Kajow () was a small armed steamer who fought for the Imperialist forces during the Taiping Rebellion. It was briefly seized by Taiping troops but recovered.

History
Kajow was under the service of the local futai, and was frequently used by the Scottish diplomat Halliday Macartney for trips between Sunkiang and Shanghai. She was commanded by an American named C. F. Jones, who grew to dislike the Chinese authorities due to his employers "withholding the pay due [him] for nearly a year's employment." Jones eventually stopped working for the Chinese, and was persuaded by his acquaintance Henry Andres Burgevine, an American under the service of the Taiping Heavenly Kingdom, to help capture Kajow.

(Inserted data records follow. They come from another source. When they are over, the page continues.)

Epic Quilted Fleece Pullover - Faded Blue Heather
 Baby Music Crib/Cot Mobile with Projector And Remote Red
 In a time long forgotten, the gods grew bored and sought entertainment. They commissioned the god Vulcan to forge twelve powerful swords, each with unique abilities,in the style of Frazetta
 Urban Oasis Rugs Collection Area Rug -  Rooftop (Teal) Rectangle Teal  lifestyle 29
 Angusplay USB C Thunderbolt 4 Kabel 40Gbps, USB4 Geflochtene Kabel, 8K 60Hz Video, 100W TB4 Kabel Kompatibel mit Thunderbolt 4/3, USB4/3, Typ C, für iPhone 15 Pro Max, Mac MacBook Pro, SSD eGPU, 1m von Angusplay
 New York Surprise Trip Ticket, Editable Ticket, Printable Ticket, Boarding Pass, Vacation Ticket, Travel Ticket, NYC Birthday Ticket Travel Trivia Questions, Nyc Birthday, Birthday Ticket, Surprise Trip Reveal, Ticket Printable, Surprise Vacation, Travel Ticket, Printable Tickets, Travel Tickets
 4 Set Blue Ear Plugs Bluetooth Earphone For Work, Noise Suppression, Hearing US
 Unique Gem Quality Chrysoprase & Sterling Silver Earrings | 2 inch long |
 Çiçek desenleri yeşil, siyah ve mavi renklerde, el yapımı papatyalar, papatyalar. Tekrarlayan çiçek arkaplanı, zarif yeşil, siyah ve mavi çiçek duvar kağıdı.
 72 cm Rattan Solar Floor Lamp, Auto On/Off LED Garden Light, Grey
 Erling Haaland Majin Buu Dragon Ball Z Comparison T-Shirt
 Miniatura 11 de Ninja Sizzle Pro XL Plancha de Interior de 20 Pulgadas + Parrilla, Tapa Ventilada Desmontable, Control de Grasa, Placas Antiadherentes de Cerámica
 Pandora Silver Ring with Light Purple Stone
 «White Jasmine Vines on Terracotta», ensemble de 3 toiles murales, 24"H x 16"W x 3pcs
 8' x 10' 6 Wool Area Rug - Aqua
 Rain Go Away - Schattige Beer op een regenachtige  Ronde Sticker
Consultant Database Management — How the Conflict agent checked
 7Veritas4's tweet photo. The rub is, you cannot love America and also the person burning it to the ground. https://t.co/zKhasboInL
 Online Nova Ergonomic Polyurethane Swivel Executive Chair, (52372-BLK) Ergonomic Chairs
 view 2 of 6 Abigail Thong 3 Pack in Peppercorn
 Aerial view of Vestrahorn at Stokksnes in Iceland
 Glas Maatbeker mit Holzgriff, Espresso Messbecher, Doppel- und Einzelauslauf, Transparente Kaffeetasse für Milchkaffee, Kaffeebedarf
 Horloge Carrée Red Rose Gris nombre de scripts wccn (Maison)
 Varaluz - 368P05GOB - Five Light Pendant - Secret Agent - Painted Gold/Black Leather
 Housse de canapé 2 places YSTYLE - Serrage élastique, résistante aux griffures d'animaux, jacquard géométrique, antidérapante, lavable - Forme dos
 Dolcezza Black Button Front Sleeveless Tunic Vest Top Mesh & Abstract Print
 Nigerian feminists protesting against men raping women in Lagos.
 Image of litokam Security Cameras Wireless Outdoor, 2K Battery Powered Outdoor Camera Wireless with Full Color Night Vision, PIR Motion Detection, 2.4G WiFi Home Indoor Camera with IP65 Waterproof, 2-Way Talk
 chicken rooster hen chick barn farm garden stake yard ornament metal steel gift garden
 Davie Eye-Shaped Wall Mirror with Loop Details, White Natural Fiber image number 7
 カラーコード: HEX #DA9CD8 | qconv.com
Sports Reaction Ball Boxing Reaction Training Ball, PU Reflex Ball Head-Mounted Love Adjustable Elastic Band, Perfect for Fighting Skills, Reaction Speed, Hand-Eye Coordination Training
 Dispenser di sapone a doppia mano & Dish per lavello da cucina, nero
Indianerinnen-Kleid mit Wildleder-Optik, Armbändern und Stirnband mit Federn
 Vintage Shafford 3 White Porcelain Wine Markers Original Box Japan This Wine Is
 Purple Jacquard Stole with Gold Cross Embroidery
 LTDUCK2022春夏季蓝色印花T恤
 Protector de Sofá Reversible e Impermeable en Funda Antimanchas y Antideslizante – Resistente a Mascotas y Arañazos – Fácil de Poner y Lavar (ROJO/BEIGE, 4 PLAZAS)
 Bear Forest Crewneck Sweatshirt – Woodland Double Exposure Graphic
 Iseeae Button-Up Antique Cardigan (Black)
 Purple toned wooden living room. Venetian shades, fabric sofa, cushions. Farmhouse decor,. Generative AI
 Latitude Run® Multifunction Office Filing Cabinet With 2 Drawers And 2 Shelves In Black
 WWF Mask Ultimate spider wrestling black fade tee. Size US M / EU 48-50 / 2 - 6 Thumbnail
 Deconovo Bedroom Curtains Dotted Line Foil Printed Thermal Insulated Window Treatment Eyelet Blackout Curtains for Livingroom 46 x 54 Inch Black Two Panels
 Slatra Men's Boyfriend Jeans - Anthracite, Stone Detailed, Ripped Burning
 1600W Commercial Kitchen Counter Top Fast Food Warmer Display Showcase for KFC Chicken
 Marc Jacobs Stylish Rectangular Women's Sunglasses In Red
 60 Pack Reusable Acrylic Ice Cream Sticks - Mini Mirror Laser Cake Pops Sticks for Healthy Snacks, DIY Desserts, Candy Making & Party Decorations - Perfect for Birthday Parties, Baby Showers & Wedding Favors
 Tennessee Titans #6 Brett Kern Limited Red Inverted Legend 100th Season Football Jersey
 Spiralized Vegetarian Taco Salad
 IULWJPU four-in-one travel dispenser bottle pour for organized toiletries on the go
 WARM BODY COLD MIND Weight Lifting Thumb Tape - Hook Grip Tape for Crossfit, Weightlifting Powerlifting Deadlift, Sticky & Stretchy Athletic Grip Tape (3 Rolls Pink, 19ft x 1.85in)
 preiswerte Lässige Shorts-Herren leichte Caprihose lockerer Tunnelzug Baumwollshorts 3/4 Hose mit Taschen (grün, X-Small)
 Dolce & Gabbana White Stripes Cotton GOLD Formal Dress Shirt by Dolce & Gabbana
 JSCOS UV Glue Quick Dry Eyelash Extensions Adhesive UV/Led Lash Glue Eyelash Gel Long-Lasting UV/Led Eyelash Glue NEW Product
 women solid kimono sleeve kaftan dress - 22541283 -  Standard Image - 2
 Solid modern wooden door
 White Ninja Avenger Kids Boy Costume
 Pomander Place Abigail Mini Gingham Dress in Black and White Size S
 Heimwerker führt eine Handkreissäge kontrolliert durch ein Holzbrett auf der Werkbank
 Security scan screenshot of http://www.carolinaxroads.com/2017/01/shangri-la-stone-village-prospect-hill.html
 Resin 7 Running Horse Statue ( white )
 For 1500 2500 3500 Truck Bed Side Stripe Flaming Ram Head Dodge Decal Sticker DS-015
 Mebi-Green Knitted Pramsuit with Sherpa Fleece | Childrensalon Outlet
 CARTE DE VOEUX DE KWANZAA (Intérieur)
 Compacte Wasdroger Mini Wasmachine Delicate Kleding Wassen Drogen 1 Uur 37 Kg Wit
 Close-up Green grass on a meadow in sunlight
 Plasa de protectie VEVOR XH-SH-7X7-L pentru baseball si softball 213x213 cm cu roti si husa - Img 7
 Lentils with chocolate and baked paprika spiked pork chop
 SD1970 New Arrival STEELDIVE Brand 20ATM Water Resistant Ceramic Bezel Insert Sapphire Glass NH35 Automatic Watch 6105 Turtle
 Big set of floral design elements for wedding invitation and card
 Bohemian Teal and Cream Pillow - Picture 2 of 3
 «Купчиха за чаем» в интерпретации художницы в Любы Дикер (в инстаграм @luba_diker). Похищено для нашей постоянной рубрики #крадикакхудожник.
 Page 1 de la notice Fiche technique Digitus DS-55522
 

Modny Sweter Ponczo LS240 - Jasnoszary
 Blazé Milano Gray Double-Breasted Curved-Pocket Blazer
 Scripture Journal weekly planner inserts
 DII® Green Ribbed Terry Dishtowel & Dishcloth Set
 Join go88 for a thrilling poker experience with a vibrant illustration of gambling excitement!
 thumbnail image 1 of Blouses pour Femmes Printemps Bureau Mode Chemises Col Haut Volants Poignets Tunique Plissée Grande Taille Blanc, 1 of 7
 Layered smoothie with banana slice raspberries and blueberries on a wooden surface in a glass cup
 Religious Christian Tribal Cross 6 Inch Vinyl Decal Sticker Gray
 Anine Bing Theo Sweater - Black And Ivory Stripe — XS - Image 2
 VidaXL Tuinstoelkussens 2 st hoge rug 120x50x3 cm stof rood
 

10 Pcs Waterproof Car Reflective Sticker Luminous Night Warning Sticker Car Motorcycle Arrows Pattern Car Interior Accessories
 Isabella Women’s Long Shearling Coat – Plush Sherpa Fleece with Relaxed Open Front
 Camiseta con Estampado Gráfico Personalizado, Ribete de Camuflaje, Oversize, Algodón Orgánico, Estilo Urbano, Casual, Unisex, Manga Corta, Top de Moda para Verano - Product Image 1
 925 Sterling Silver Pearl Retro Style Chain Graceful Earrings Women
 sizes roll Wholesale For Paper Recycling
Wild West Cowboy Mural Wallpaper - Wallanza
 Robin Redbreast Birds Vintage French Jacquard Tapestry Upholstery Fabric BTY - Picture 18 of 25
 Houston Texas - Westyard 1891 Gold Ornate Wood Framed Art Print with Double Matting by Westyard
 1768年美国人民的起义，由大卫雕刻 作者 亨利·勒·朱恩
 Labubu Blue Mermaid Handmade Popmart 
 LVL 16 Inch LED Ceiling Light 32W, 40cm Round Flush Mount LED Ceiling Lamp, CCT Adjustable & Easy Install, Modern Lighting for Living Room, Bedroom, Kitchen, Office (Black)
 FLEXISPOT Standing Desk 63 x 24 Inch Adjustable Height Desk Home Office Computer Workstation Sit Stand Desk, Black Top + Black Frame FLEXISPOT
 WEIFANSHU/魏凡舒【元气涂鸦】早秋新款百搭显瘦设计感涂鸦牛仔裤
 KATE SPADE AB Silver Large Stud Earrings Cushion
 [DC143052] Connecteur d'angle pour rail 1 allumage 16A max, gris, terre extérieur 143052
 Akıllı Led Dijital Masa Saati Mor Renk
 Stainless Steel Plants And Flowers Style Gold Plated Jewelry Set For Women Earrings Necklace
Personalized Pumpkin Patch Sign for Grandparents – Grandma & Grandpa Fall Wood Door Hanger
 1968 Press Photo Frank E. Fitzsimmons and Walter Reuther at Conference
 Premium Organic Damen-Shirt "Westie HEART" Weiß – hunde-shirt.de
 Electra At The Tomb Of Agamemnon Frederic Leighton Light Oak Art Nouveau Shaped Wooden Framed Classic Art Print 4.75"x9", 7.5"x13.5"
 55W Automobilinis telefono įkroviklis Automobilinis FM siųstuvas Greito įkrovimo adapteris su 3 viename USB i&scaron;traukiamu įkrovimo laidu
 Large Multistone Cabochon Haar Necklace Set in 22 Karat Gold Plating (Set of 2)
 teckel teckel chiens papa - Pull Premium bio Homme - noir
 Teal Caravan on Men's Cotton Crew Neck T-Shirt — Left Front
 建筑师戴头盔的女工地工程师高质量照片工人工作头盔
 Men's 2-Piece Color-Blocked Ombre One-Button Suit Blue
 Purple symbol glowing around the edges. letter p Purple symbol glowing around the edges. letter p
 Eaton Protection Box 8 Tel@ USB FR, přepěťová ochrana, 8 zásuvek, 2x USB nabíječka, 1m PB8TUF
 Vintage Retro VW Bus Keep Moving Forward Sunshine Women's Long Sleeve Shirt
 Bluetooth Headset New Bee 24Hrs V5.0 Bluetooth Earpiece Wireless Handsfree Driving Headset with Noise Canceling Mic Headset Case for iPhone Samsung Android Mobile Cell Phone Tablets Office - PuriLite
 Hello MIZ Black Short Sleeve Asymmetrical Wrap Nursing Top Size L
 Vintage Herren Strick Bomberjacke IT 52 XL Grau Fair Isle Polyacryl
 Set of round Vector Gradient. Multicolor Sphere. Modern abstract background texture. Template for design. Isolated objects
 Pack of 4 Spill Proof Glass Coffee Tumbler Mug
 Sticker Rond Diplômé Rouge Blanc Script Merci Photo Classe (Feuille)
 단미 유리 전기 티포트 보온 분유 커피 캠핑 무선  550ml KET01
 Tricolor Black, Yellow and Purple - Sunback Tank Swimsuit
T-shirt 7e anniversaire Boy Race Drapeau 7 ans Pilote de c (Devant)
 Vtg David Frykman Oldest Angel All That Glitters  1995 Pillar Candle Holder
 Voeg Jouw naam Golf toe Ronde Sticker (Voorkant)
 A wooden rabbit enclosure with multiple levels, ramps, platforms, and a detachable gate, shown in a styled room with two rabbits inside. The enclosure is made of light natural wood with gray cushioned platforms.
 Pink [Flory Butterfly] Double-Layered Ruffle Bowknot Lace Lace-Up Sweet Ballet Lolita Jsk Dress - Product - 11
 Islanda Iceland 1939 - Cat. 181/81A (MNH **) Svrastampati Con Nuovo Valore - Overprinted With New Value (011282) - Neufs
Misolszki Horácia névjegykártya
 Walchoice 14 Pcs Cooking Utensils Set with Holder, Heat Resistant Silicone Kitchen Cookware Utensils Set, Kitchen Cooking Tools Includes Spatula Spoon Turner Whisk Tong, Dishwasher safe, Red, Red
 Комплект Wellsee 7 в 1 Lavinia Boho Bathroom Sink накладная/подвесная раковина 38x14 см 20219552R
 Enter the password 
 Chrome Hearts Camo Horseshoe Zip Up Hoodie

In August 1863, Macartney, departing from Shanghai, arrived at Sunkiang on Kajow. There, on the morning of 2 August, Burgevine and Jones, together with a group of forty European and Chinese men, captured Kajow. At the time of her capture, Kajow was carrying a "valuable cargo of arms and ammunition". Kajow was then carried to Suzhou. She was later moved to Nanjing where her engines were repaired.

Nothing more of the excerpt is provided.